Sebenernya ini paradigma yang kurang tepat, menurut saya PR itu tempat mengelola isu ttg organisasi. Menganalisa trus memetakan apa yang harus dilakukan organisasi dalam menghadapi (bahkan merekayasa) opini publik.
Rekayasa disini maksudnya bukan manipulasi tapi engginering. Kalo PR bisa melakukan ini, hasilnya luar biasa… liat saja keberhasilan Andi Mallaranggeng dkk (idolaku bangettttt...) mengella isu-isu kenegaraan, mendekatkan profil SBY dengan publik. Kita tahu kalo pemerintahan SBY banyak hmmmmmm….. (ngga berani ngomong dehh) . Tapi dengan strategi kehumasan yang baik, publik bisa ditenangkan. Sehingga kalo pemerintahan tidak ada gangguan, kerja kan nggak ada gangguan…(kerja jadi lebih enjoy n comportable…… nyaman!! Yang penting nyaaaaaamaaaaannnn!)

Kalo dulu di kampus jadi wartawan kampus… yang bisa mengeksplorasi independensi secara luas… sekarang jadi humas, jadi pihak yang dependen…….

3 Komentar:

Pada 20 Oktober 2007 pukul 22.55 , Blogger POLSEK PLAYEN mengatakan...

Soulmate: Iptu luthfi

seyogyanya jangan memakai bahasa pledoi atau bahasa gaul karena nilai tulisan nmenjadi rendah.

 
Pada 21 Oktober 2007 pukul 20.05 , Anonymous Anonim mengatakan...

ayo. jangan takut kamu bisa!!.. yah kan sekarang udah terbuka tuh kesempatan buat kasih masukan (era reformasi gitu). nah buktinya kamu udah mulai blak-blakan. Nda papa start dari bloger yg blom terkenal. nah lama kelamaan pasti banyak yg jadi sepaham trus saatnya tuh gencarin serangan kan udah punya massa. Layanan pengaduan (SMS) di newsletter aja bisa bikin kebakaran jenggot banyak orang, iya kan? yah asal tetap junjung objektifitas aja. Bilang orang, kalo benar kan pasti menang. Ayo teruskan perjuangaan. Smoga Sukses!!!!

 
Pada 21 Oktober 2007 pukul 20.58 , Anonymous Anonim mengatakan...
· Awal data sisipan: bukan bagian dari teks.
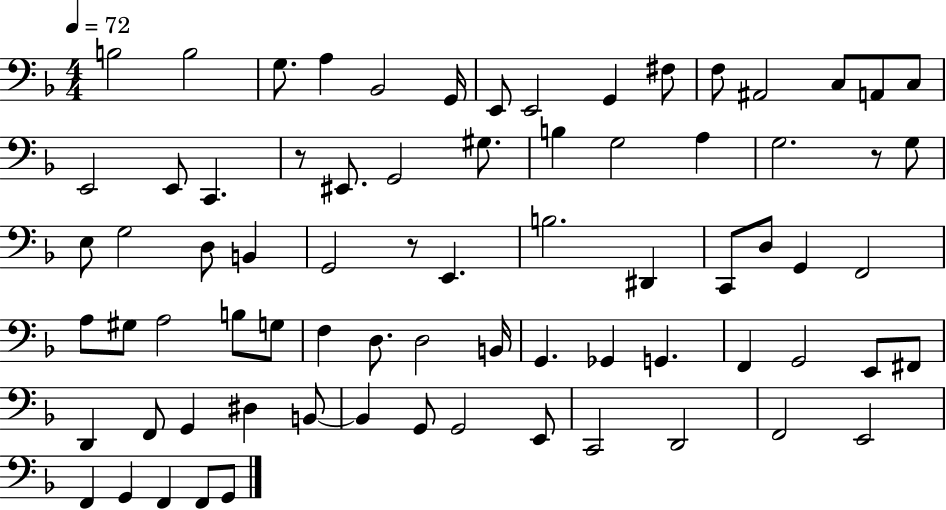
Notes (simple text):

B3/h B3/h G3/e. A3/q Bb2/h G2/s E2/e E2/h G2/q F#3/e F3/e A#2/h C3/e A2/e C3/e E2/h E2/e C2/q. R/e EIS2/e. G2/h G#3/e. B3/q G3/h A3/q G3/h. R/e G3/e E3/e G3/h D3/e B2/q G2/h R/e E2/q. B3/h. D#2/q C2/e D3/e G2/q F2/h A3/e G#3/e A3/h B3/e G3/e F3/q D3/e. D3/h B2/s G2/q. Gb2/q G2/q. F2/q G2/h E2/e F#2/e D2/q F2/e G2/q D#3/q B2/e B2/q G2/e G2/h E2/e C2/h D2/h F2/h E2/h F2/q G2/q F2/q F2/e G2/e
Kalo mau baik kok pasti syusyah ya. Banyak benturannya dan ngga sedikit godaan. Tapi, maju terus berpantang mundur. Kan era reformasi ngga salah dech mulai dari bloger yg blom terkenal dan saran yaa mulai aja brani blak-blakan asal objektive ntar kan banyak massa nya. Baru dech mulai lakukan perubahan, ya ngga?